The object of this study was to investigate the role of the ventrolateral medullary pressor area in mediating the cardiovascular responses to experimentally induced global cerebral ischemia, and to test if excitatory amino acids or acetylcholine are the transmitters released in this brain region during these responses. The cerebral ischemic response was elicited in pentobarbital-anesthetized, artificially ventilated male Wistar rats by bilateral ligation of vertebral arteries followed by temporary clamping of the common carotid arteries. The pressor area was identified by microinjections of L-glutamate. Inhibition of neurons in this area by microinjections of muscimol, a γ-aminobutyric acid receptor agonist, abolished the ischemic response, which demonstrated that this area is important in mediating these responses.

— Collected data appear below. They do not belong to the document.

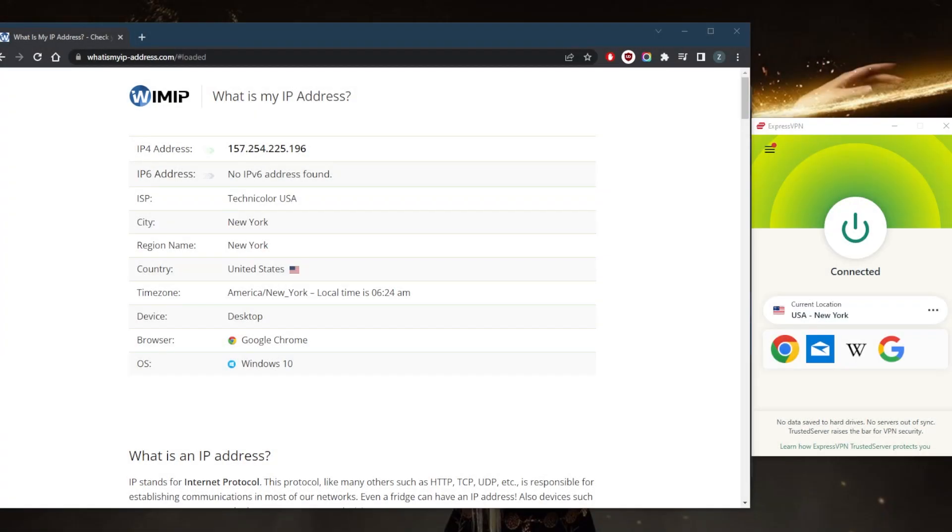How's it going everybody, welcome back. Today we're going to be talking about how you make your IP address invisible. There are three ways to make your IP address invisible.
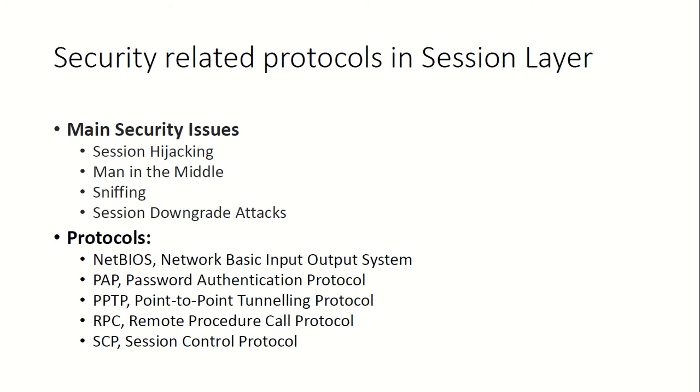Protocols, if you see here, you will find NetBIOS, PAP (Password Authentication Protocol), PPTP (Point-to-Point Tunneling Protocol), Remote Procedure Call Protocol, and Session Control Protocol are some of the mentions. There are many others you can see in detail.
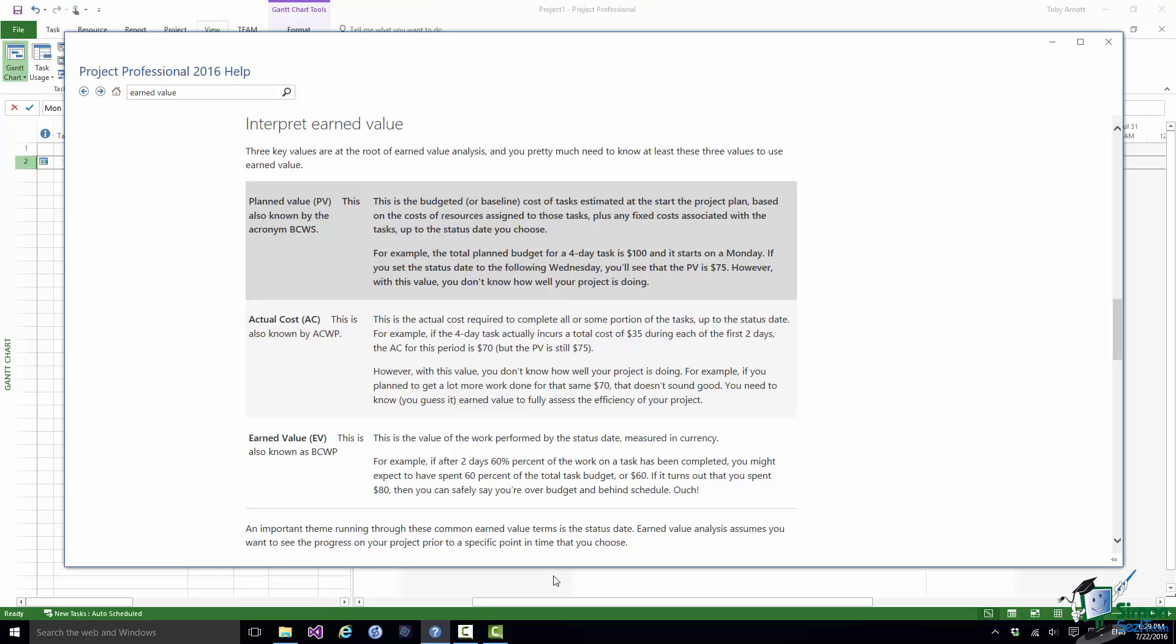And the third term is EV, Earned Value. And the alternative here is BCWP. And this is what is the budgeted cost of the work performed? So the difference between the first one and the third one which are both budgeted costs is the first one says what was the budgeted cost of the work we were scheduled to perform? And the third one, BCWP, what was the budgeted cost of the work we've actually performed? And the middle one is the actual cost of the work we've actually performed.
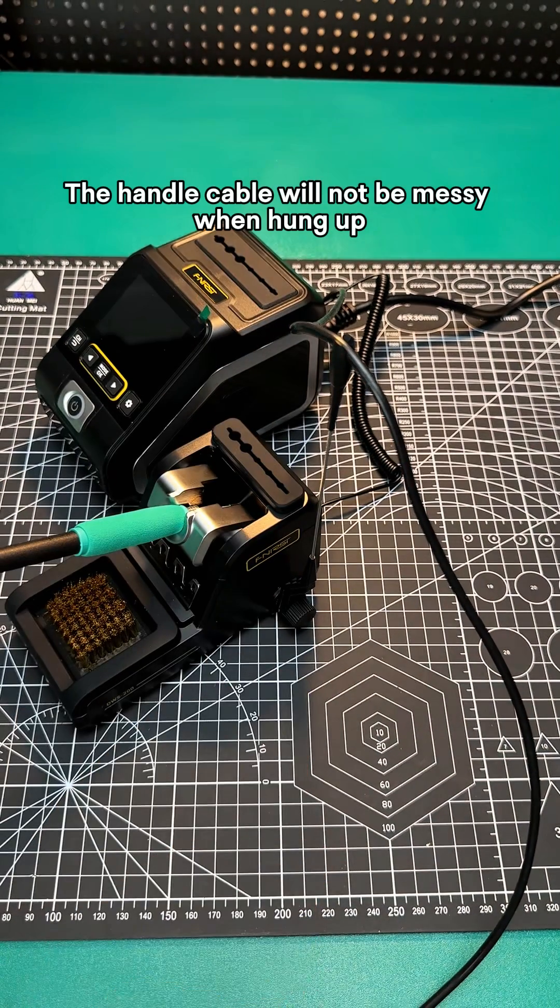High-density wire brush. Thorough cleaning. Does not damage the soldering iron. Advanced anti-scalding silicone design.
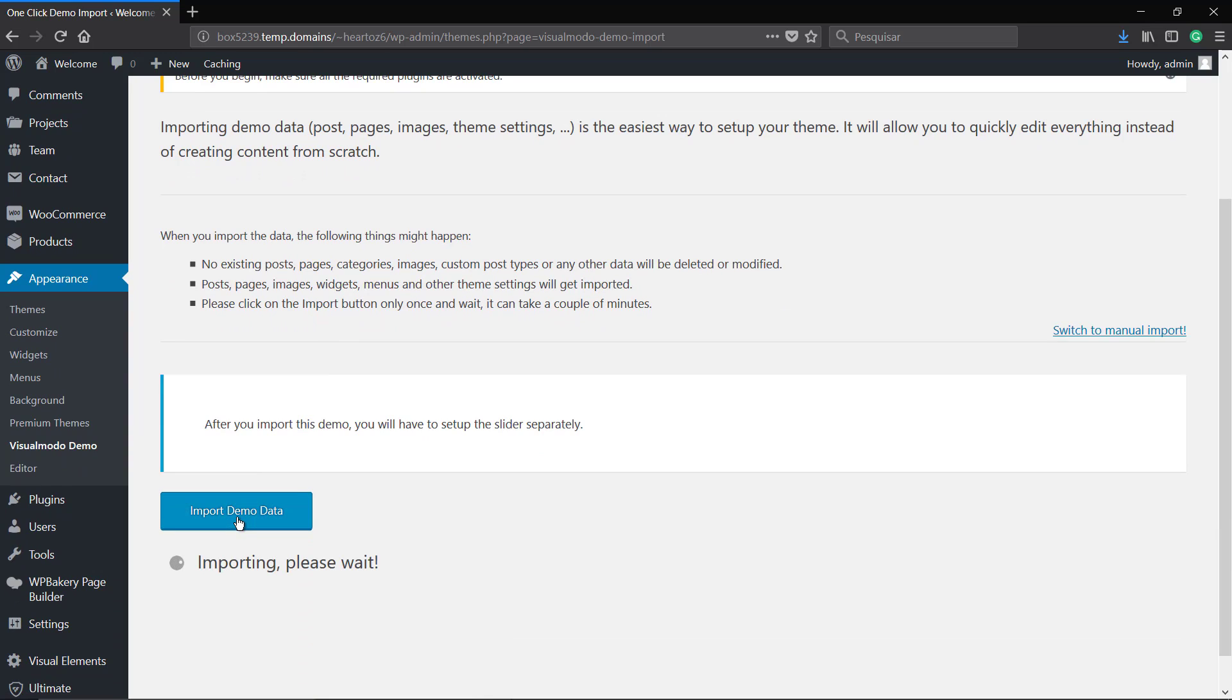This process can take a while. So take a brief, relax and come back here later for more. All the best!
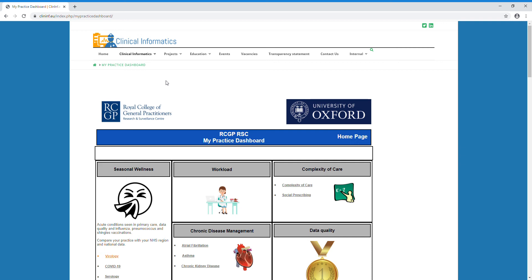Hello, my name is Cecilia Okusi, a data scientist at the Oxford Royal College of General Practitioner's Research and Surveillance Centre. I am about to talk you through how to use the serology dashboard.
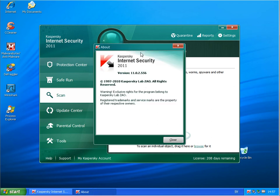So I suggest all Kaspersky users downloading the latest from Kaspersky.com and installing it.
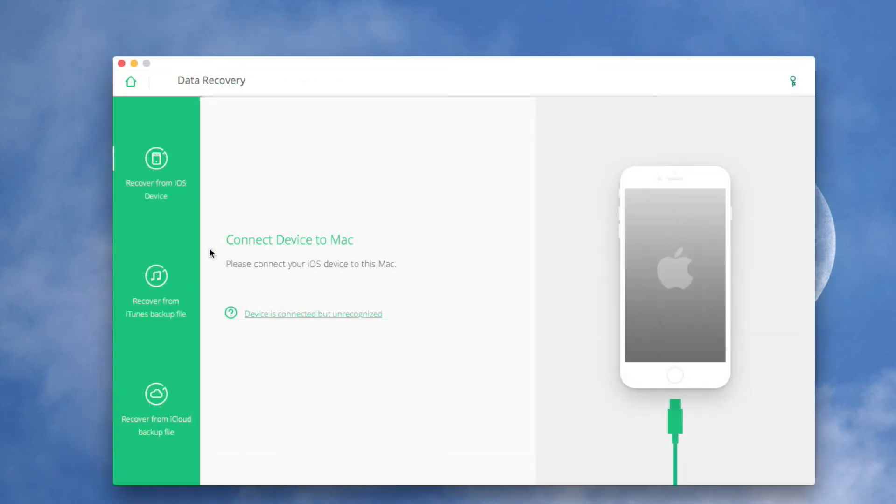If you had backed up your iOS device before you lost the data, then you can try to recover files from iTunes backup file. In the main window of iSkySoft toolbox, you should press Data Recovery and then Recover from iTunes backup file.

Microinjections of a broad-spectrum excitatory amino acid receptor blocker (kynurenate), of specific antagonists for N-methyl-D-aspartic acid (NMDA) and non-NMDA receptors (injected alone or in combination), and of atropine failed to block the ischemic responses. These results indicate that: 1) the ventrolateral medullary pressor area mediates pressor responses to cerebral ischemia, and 2) excitatory amino acids or acetylcholine in this area do not mediate the cardiovascular responses to cerebral ischemia.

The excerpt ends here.